Caption-style text data
★ ★ ★ ★
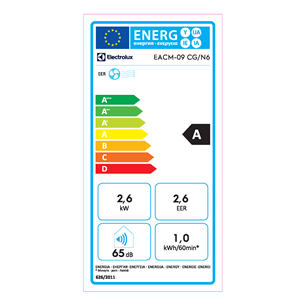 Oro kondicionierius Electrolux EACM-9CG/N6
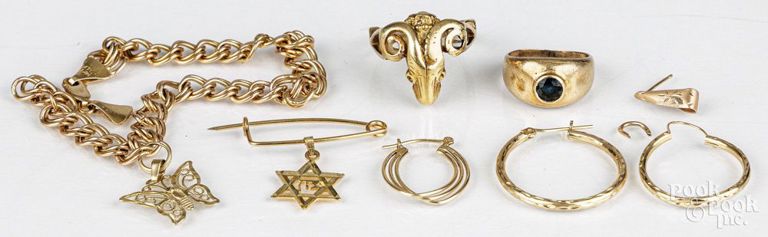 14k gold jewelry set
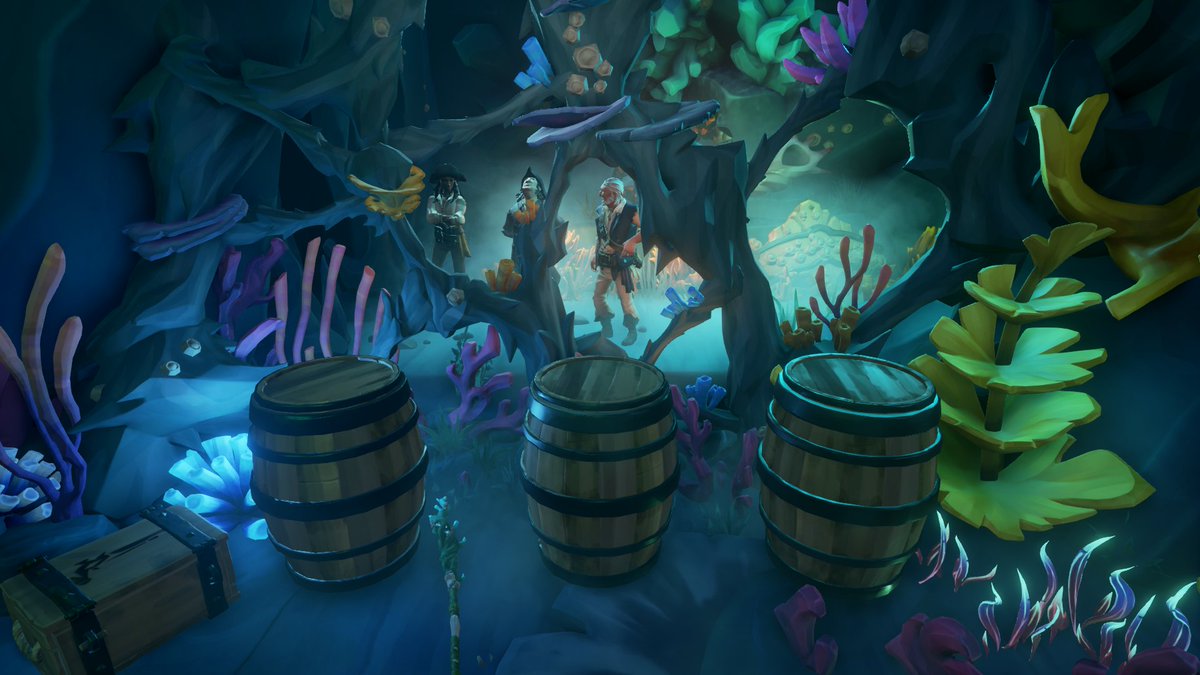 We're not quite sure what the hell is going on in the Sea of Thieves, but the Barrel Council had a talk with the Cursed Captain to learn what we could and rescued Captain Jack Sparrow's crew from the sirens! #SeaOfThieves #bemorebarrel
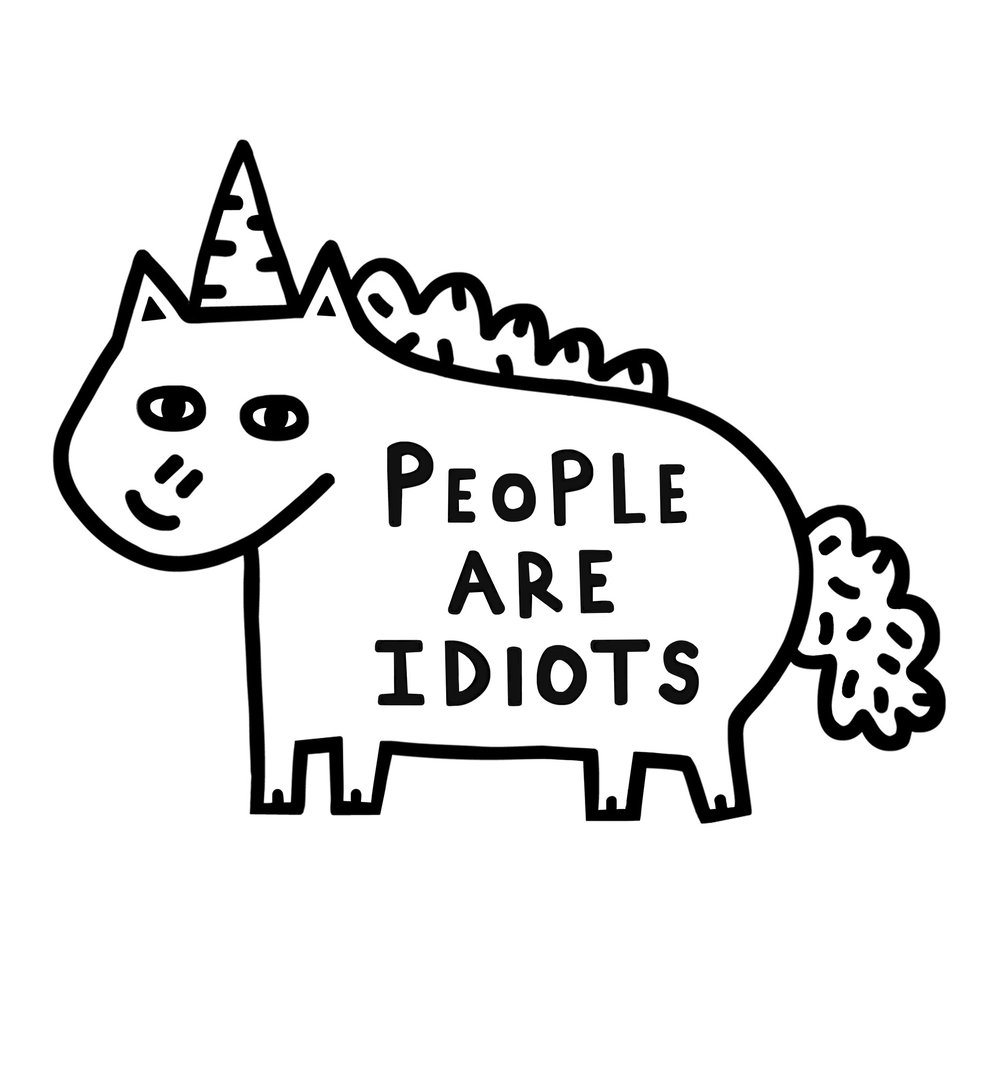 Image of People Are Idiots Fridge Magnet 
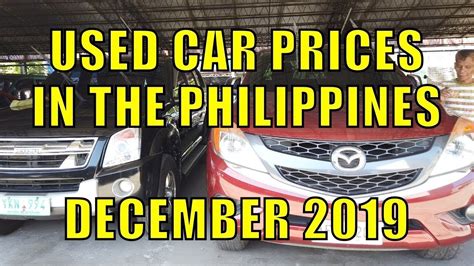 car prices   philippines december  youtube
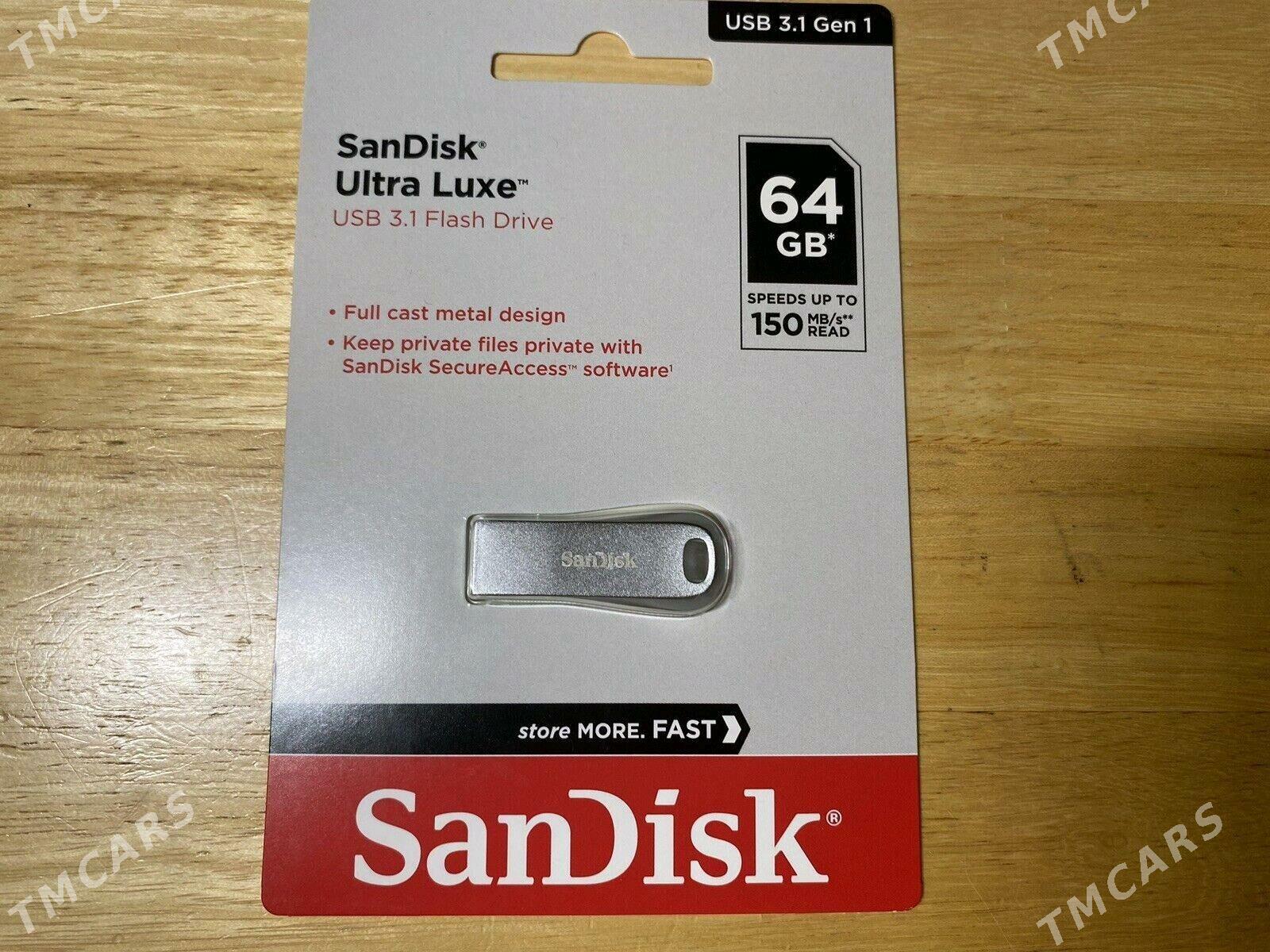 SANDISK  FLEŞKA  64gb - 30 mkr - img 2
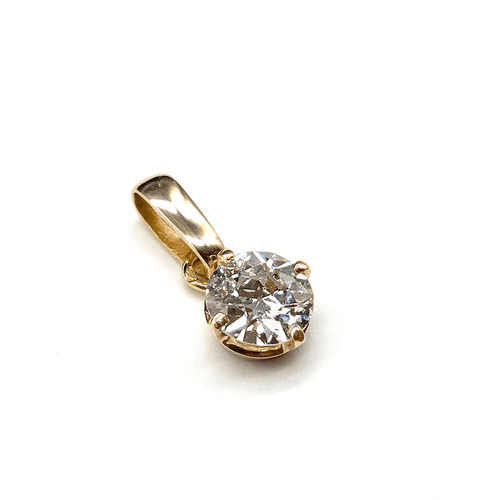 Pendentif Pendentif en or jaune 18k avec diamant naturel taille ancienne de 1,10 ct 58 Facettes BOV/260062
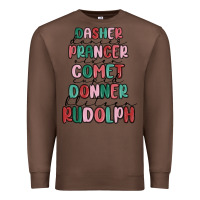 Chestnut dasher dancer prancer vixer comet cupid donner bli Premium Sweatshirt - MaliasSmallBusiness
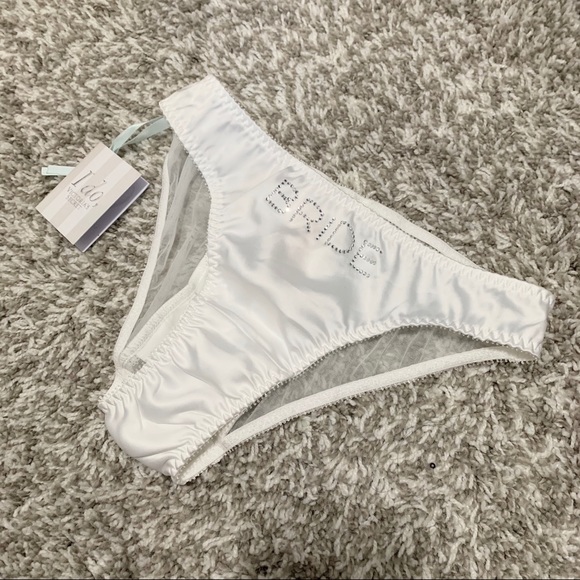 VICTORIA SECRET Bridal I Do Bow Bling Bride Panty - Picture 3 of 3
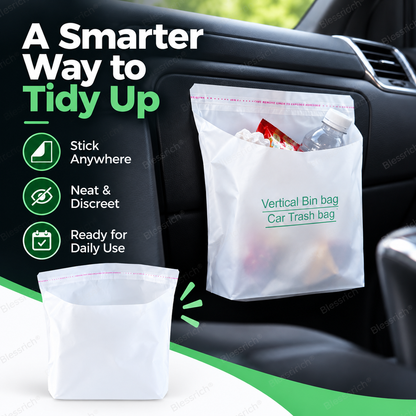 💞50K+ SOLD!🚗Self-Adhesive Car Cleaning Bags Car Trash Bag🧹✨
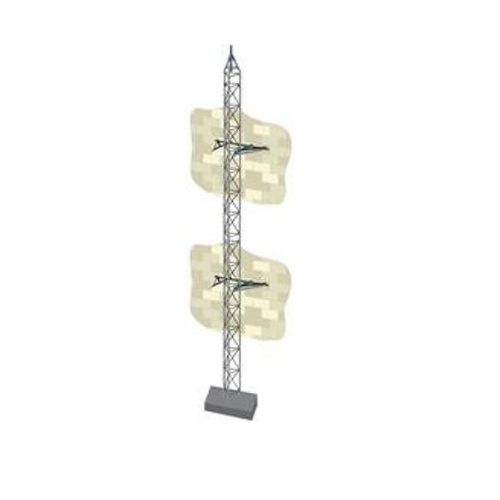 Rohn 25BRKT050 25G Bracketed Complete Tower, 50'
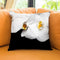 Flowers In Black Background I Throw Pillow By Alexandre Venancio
★ ★ ★ ★
- [WORK TASK] The answer must restate each entry word for word and contain no images.

- [RESULT FOR THIS EXERCISE]
 Oro kondicionierius Electrolux EACM-9CG/N6
 14k gold jewelry set
 We're not quite sure what the hell is going on in the Sea of Thieves, but the Barrel Council had a talk with the Cursed Captain to learn what we could and rescued Captain Jack Sparrow's crew from the sirens! #SeaOfThieves #bemorebarrel
 Image of People Are Idiots Fridge Magnet 
 car prices   philippines december  youtube
 SANDISK  FLEŞKA  64gb - 30 mkr - img 2
 Pendentif Pendentif en or jaune 18k avec diamant naturel taille ancienne de 1,10 ct 58 Facettes BOV/260062
 Chestnut dasher dancer prancer vixer comet cupid donner bli Premium Sweatshirt - MaliasSmallBusiness
 VICTORIA SECRET Bridal I Do Bow Bling Bride Panty - Picture 3 of 3
 💞50K+ SOLD!🚗Self-Adhesive Car Cleaning Bags Car Trash Bag🧹✨
 Rohn 25BRKT050 25G Bracketed Complete Tower, 50'
 Flowers In Black Background I Throw Pillow By Alexandre Venancio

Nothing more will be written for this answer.